Ja, weil dann die komplizierte Neuzulassung wegfällt.

Und ist das geplant?
Dazu will man sich derzeit nicht äußern.

Unterscheiden sich die neuen Garnituren von den bisherigen?
Ja, die neuen Fahrzeuge von CRRC haben mehr Sitzplätze (536 im Vergleich zu 506), sie sind um acht Meter länger und gleichzeitig  energieeffizienter als die bisherigen Modelle – die China-Züge verbrauchen bis zu 10 Prozent weniger Strom.

Wäre CRRC nicht auch ein interessanter Lieferant für die öBB?
"Ich denke schon", sagt Ex-ÖBB-Vorstand Christian Kern. "Auch, weil man die Wertschöpfung zum Teil auch nach Europa holen könnte."

Wie ist das gemeint?
CRRC kooperiert in manchen Bereichen mit europäischen, auch mit österreichischen Herstellern. Bei den Westbahn-Zügen sind etwa die Kaffeemaschinen aus der Schweiz und die Snack-Automaten aus Spanien. Aus Österreich kommen die Türen (IFE, Waidhofen an der Ybbs) und die Bremsen (Knorr, Mödling). Und der Teppich kommt von Forbo Flooring Austria. "Der Zug ist etwa zur Hälfte chinesisch und zur Hälfte europäisch", so Westbahn-Besitzer Hans Peter Haselsteiner.

Also ist China jetzt eine Gefahr für Europas Eisenbahnindustrie oder ein Partner?
Das hängt natürlich vom Standpunkt ab, aus dem man die Sachlage betrachtet. Realistisch gesehen ist die Gefahr, die vom Eintritt von CRRC auf dem österreichischen Markt ausgeht, wohl eher vernachlässigbar.

Was sagt Markt-Experte Christian Kern dazu?
Nein: "Der Marktanteil der europäischen Hersteller liegt in Europa bei etwa 99,8 Prozent." Ein paar Züge – Kern nennt die Westbahn-Order eine "Micky-Maus-Bestellung" – änderten an dieser Überlegenheit gar nichts. Gleichzeitig würden sie aber Türen öffnen und wichtige Signale senden.

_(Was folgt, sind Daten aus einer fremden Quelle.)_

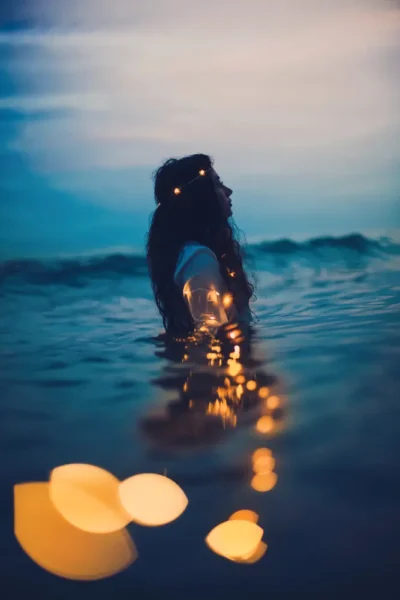 Woman standing in calm water surrounded by soft lights, symbolizing spiritual renewal and inner reflection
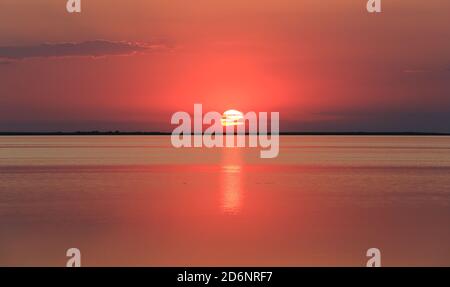 grand soleil sur la surface de l'eau de mer pendant le coucher du soleil Banque D'Images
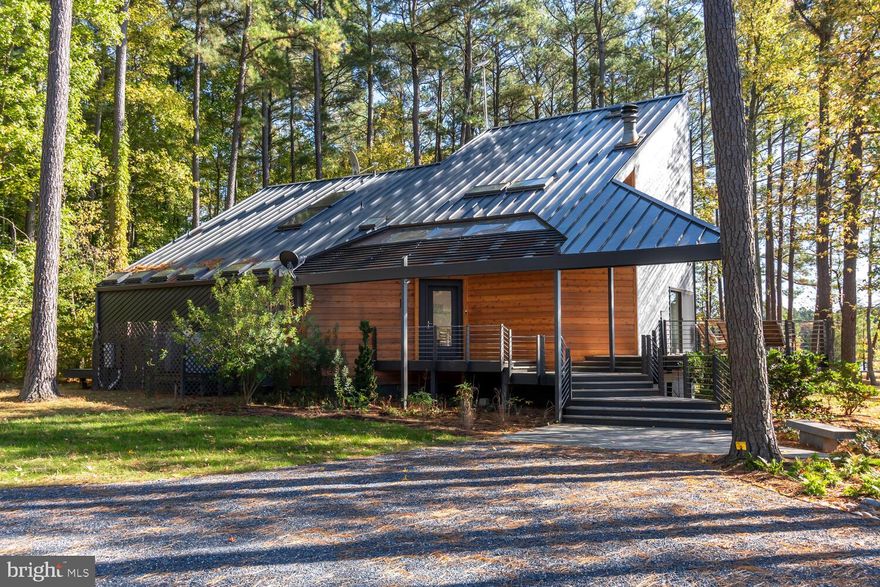 Welcome to Sunnyside Up. Stunning waterfront property with four bedroom main house and detached guest house designed by Architect Mark Beck as his primary residence in 1983. Capturing natural light , serene water views and offering  thoughtfully designed exciting spaces with sight lines to connect. Numerous porches and balconies also bring the outside in and the design offers both large gathering spaces and areas for private retreat. The separate guest house with additionally exciting architecture is set back a bit from main house and commanding an equal exceptional water view. Guest house includes an attached garage. The site is lovely ,overlooking the waters of Irish Creek with a west, south west exposure and good water dockage, about 4 +/-feet. Recent improvements to both main house and guest house include hardwood flooring, handsome, quality, metal and membrane roofing, encapsulated crawlspaces, thoroughly painted, custom landscaping and new boat lifts. The recent exterior roofing and siding improvements won the 2023 Annapolis What's Up Design/Home award! There is an existing boat launch and room for a pool. Ideally located just outside village of Royal Oak, between Easton and Saint Michaels and close to Oxford Bellevue Ferry.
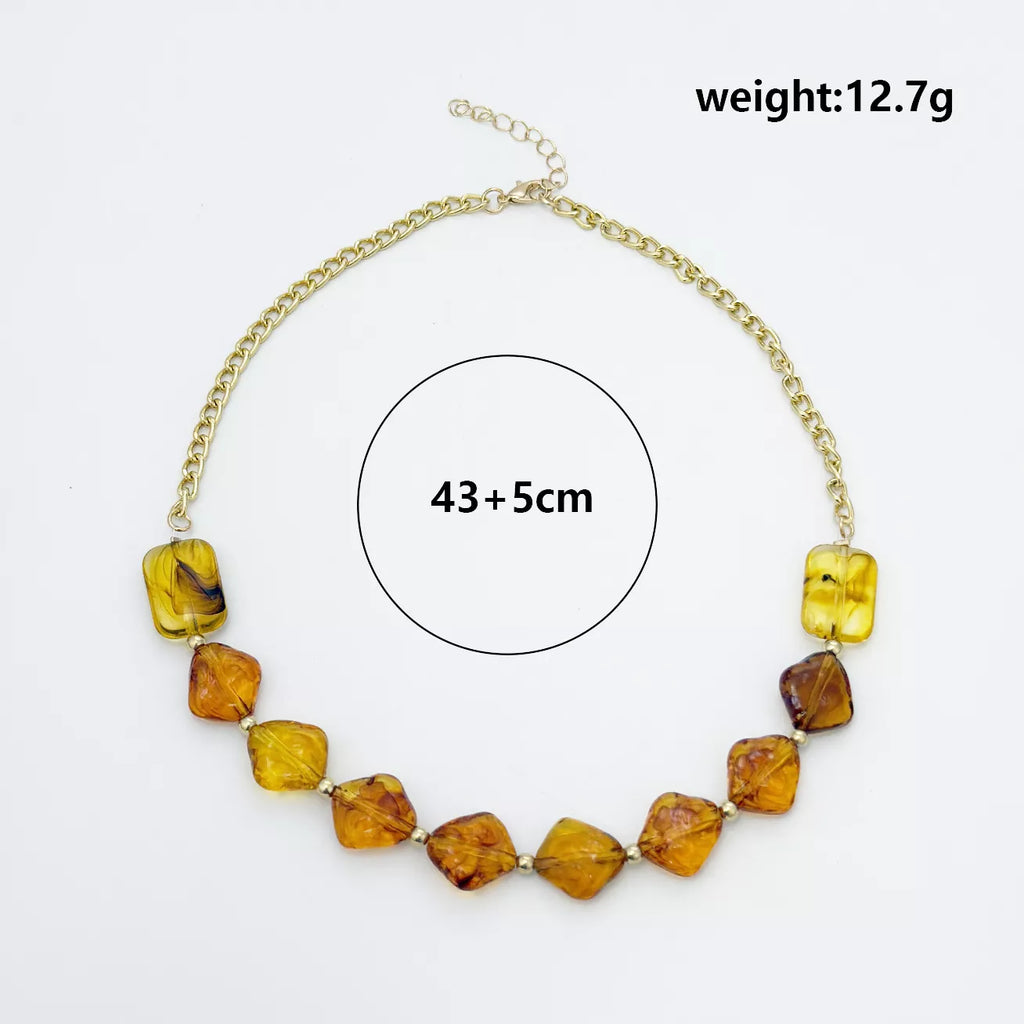 Measurements diagram for gold-tone necklace with angular amber-colored beads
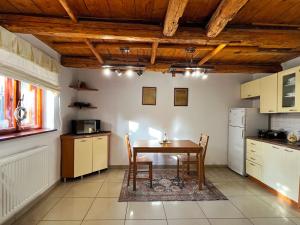 a kitchen with a table and chairs in a room at Chatka Baby Jagi in Ściegny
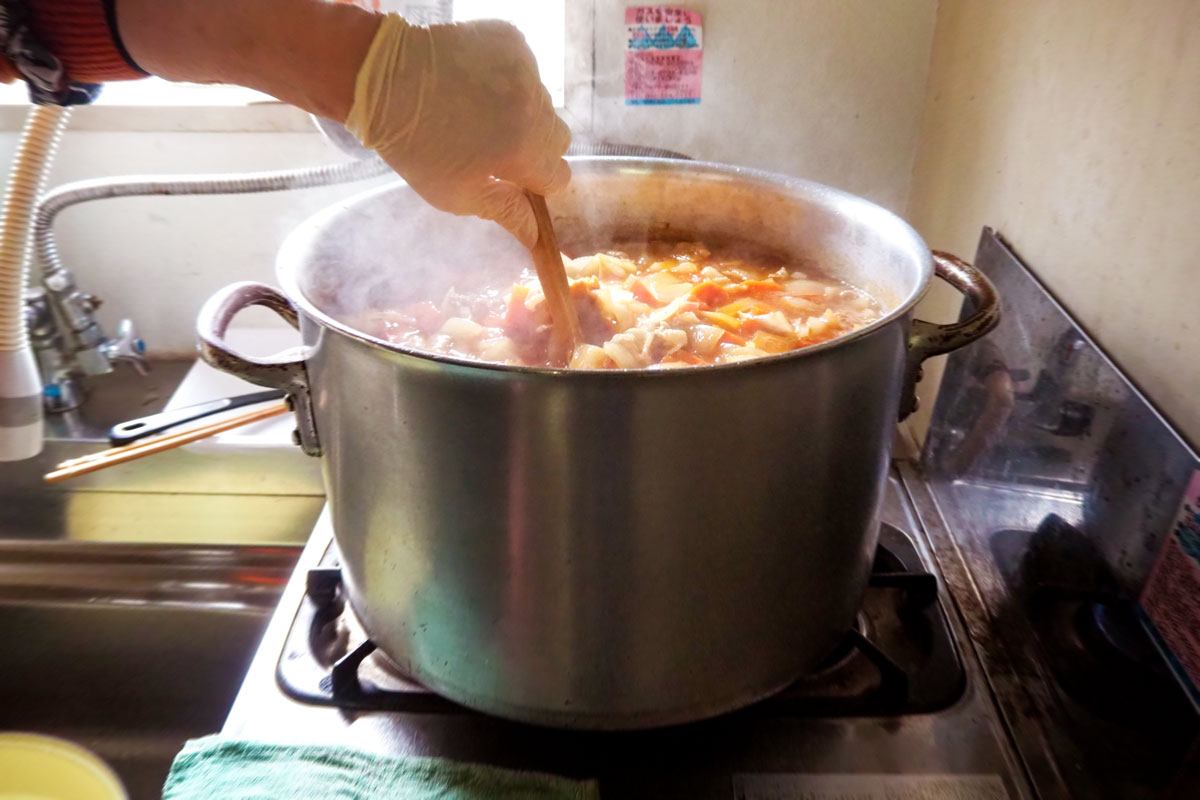 台所の窓から日が差している。大きな寸胴鍋でぐつぐつとカレーが煮込まれていて、立ちのぼる湯気が光っている。手袋をはめた手でへらを使い焦げないよう混ぜている。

Knorr-Bremse ist Weltmarktführer bei Zugbremssystemen. Die Österreich-Tochter in Mödling hat auch an den neuen Westbahn-Zügen mitgearbeitet
Knorr-Bremse ist Weltmarktführer bei Zugbremssystemen. Die Österreich-Tochter in Mödling hat auch an den neuen Westbahn-Zügen mitgearbeitet
Matthias Balk / dpa / picturedesk.com

Was ist damit gemeint?
Nochmals Christian Kern: "China ist längst zu wichtig und zu groß, man kann sie nicht einfach von unseren Märkten aussperren." Dazu käme, so der frühere Bundeskanzler, dass es in der Wirtschaft immer ein Geben und ein Nehmen sei: "Wir wollen ihre Computerchips und ihre Seltenen Erden für unsere Produktion, also müssen sie auch hier Geschäfte machen dürfen."

Und was ist mit der Kritik, dass die Westbahn staatliche Förderung für das Klimaticket erhalte und dementsprechend die heimische Industrie schützen müsste?
Die Westbahn sei per Gesetz dazu verpflichtet, das Klimaticket in ihren Zügen anzuerkennen, so das Unternehmen. Dadurch würden Einnahmen aus regulären Tarifen wegfallen. Dieser Entgang werde der Westbahn, wie auch allen anderen Beförderungsunternehmen, in denen das Klimaticket gilt, vom Staat ersetzt. Mit einer staatlichen Förderung habe das überhaupt nichts zu tun.